When it comes to mobilizing for missions, where do we begin? I mean, what should ultimately drive us to take the gospel to the ends of the earth? Is it that 4.2 billion people are unreached with the gospel or that nearly 200 million have no one taking the gospel to them? Perhaps it is the reality that more than half of the people in the world live on less than $2 each per day, and one billion people are engulfed in extreme poverty, living on less than $1 each per day (The Poverty of Nations, forward by Rick Warren).
In his book, A Vision for Missions, Tom Wells shares of hearing a missionary say, “A need will not keep you on the mission field. People will rebuke and repel you” (7). While often times a need motivates missionaries to go, need alone will not keep them there or even keep them going back in the case of short-term missions in partnership with long-term strategy. Everywhere we look there are tremendous needs, which regularly overwhelm the missionary. Often adding to the frustration of the enormous needs is a lack of response by the people to the missionary’s work. What then, as Wells asks, is left? The answer: God.
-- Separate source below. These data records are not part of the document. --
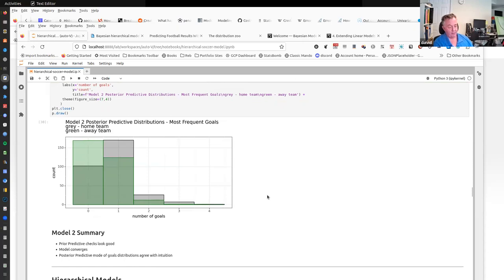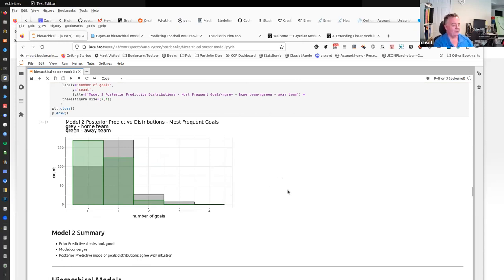The unpooled model summary: prior predictive checks look good, the model converged, and the posterior predictive checks look good — albeit a limited check. I was eager to get back to the hierarchical model.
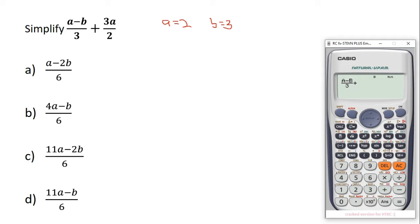Then you press the fraction button again. Since it's 3a, you press 3, then Alpha A. Then you press the button to move to the denominator, and enter 2. So we have (a minus b) over 3, plus 3a over 2 — just as in the question, we also have it on our calculator.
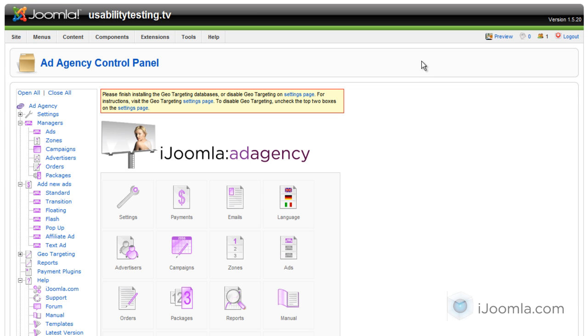Hi everybody, this is Marav, and today I'm going to teach you how to add text ads to a Joomla Ad Agency backend. The first thing you need to do is make sure that you have at least one zone that supports text ads. So let's do that.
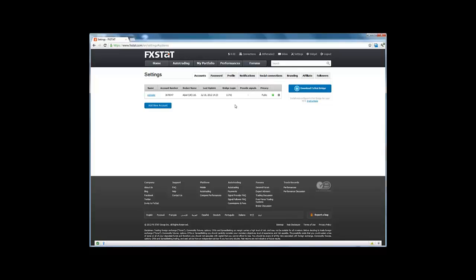So now all MetaTrader 4 online activities are securely linked to our FXStat performance page. This concludes the video on creating a performance page on FXStat and linking it to MetaTrader 4 with the FXStat bridge. Thank you.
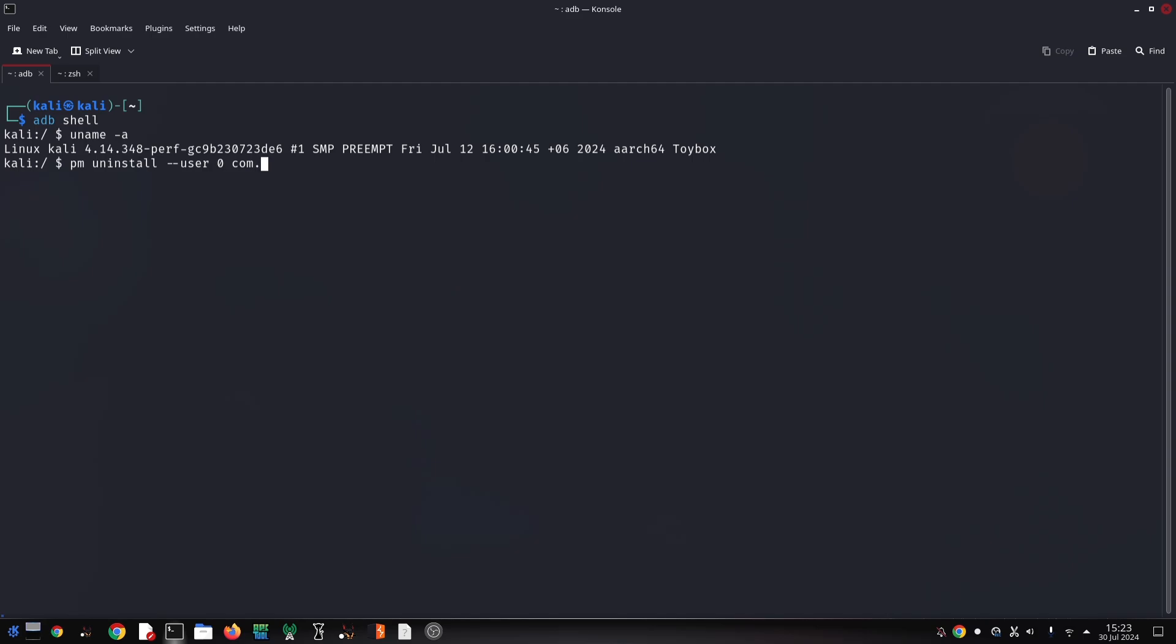You can use the command adb shell pm list packages to get a list of all installed packages. I know the package name of the app that I'm going to uninstall in this video.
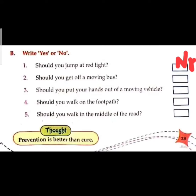Should you get off a moving bus? No — you may hurt yourself. If you try to exit a moving bus, you can injure your hand or any part of your body. You should never exit any moving vehicle — bus, train, or any vehicle.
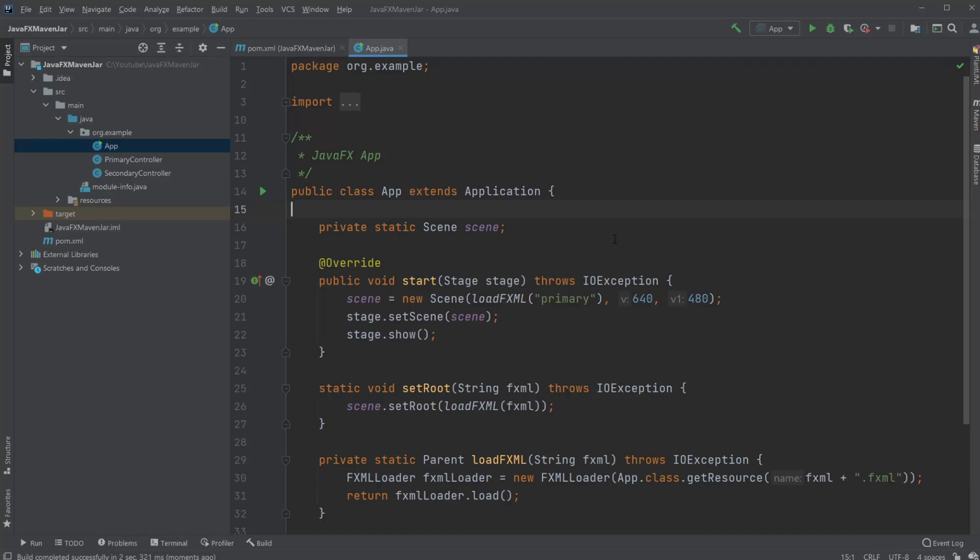Hey, it's Offering Student here, and today I'm going to showcase how to create an executable Java file using Maven.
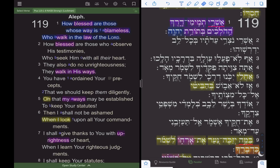Shalom and welcome to Simple Biblical Hebrew. I'm Eric Modell. Today we want to begin a study of Psalm 119 in Biblical Hebrew. And before we do, I want to give a little introduction to myself. I am a pastor in California, and God has richly blessed my life through His holy language Hebrew.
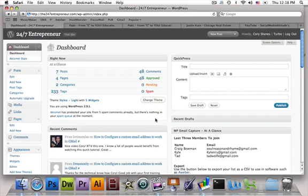Arthur Tubman here from Social Media Altitude. In this next video, I want to show you guys how to change categories and how to add new categories to your WordPress blogs.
God is and must be the ultimate reason for missions. We begin with God. Wells rightly argues that “God is worthy to be known and proclaimed for who He is, and that fact is an important part of the missionary motive and message” (A Vision for Missions, 9). For missions to be at the heart of the church, God must be at the heart of the church. Jesus followers gripped by the greatness of God cannot help but speak about the greatness of God among all nations, not simply because people need to know about Him, but because He is worthy to be known.
My intention is not to minimize the need for the salvation of mankind or the call to be benevolent, but to maximize the worthiness of God to be known for who He is. If we are not careful our primary focus will be upon mankind rather than upon God. As one pastor describes it, you can magnify with a microscope or with a telescope. A microscope magnifies by making tiny things look bigger than they actually are and a telescope magnifies by making gigantic things (like stars and planets), which look tiny to the naked eye, appear more as they really are (John Piper, The Dangerous Duty of Delight, 17). A proper starting place for missions is to function as a telescope for God.
Therefore, we must begin with God and His greatness. Wells asks passionately, “Where are the missionary candidates who are panting to make Christ known for Christ’s sake? Do they exist? They must exist, for these candidates are Christians. And surely a Christian wants his Saviour to be known” (A Vision for Missions, 110).